• Your instructions: Tally the lines in the listing below that hold the string "Pink", and reply with that tally alone.

• Data for processing:

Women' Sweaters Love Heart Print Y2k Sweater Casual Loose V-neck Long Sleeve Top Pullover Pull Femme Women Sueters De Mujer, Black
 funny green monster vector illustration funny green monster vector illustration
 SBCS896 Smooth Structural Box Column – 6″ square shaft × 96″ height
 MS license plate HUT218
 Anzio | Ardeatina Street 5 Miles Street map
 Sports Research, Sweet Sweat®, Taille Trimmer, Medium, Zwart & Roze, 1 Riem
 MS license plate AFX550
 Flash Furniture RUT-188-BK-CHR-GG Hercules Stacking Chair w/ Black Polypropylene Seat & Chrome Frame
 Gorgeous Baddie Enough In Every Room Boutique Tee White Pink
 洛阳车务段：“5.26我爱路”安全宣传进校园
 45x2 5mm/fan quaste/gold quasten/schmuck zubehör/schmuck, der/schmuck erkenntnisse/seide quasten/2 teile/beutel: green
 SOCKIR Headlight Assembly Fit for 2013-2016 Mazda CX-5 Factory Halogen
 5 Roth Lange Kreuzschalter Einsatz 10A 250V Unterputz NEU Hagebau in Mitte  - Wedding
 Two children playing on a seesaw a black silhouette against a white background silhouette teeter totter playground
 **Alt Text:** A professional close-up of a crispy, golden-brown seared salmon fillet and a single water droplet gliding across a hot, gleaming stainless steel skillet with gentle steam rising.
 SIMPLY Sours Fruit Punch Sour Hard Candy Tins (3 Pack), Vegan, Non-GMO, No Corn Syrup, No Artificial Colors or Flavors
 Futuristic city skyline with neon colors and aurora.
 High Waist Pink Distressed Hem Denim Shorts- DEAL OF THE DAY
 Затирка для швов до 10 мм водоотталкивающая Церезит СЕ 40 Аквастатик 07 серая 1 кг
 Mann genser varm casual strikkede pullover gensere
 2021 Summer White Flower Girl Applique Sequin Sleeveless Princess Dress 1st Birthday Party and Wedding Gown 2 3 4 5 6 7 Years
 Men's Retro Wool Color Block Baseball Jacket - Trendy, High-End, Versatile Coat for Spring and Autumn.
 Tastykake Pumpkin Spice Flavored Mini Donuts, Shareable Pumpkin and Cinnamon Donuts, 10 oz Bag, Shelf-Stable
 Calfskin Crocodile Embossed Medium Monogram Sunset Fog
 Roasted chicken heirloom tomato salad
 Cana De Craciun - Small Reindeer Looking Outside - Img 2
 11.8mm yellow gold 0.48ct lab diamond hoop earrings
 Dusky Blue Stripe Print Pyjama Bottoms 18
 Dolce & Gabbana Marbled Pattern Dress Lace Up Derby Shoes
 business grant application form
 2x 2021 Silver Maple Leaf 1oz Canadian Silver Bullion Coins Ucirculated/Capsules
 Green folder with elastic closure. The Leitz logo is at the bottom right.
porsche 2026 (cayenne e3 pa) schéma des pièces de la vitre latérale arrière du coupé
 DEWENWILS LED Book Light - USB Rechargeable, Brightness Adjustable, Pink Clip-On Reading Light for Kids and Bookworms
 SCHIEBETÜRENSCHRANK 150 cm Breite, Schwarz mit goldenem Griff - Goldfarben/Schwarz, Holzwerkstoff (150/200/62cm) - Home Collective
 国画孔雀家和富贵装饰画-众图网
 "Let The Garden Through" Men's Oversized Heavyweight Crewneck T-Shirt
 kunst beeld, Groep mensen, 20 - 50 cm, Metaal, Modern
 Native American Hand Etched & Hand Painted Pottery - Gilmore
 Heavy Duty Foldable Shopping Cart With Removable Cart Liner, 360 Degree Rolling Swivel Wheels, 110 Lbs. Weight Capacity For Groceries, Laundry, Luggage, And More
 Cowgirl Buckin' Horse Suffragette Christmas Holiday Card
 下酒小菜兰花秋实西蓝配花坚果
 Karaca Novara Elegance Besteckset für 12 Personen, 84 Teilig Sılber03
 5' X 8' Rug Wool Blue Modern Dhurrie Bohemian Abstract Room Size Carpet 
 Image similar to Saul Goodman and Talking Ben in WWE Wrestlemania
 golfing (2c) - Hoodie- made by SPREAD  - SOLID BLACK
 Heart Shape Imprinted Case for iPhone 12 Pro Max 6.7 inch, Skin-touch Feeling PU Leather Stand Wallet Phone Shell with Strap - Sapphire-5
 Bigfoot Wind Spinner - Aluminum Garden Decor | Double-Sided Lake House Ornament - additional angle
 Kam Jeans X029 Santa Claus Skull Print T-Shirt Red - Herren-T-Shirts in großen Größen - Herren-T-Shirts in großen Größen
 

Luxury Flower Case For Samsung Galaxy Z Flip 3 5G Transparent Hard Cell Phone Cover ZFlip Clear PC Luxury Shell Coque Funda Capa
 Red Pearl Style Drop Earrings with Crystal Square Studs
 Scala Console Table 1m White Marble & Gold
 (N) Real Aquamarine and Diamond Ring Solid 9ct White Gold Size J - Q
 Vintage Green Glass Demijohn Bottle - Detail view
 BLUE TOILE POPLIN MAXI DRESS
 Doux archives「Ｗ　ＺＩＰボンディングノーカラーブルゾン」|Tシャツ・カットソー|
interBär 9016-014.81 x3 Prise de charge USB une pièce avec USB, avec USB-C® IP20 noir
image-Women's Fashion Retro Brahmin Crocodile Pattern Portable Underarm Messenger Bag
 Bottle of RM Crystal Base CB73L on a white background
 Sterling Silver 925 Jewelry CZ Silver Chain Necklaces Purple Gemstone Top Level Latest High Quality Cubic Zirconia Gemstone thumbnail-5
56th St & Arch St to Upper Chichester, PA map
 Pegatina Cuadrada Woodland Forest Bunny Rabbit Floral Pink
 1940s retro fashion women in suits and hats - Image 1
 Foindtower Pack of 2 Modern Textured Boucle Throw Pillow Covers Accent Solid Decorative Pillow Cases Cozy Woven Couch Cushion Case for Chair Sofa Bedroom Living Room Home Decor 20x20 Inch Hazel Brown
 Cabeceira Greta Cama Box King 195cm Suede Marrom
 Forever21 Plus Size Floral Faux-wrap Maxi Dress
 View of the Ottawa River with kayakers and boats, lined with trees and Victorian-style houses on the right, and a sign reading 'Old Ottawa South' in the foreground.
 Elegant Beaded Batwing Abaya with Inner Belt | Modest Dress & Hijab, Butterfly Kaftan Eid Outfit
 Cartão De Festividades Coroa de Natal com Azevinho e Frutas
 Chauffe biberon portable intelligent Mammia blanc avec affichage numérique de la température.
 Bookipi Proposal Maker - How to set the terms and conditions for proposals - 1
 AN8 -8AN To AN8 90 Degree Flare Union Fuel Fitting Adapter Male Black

• Written solution: 4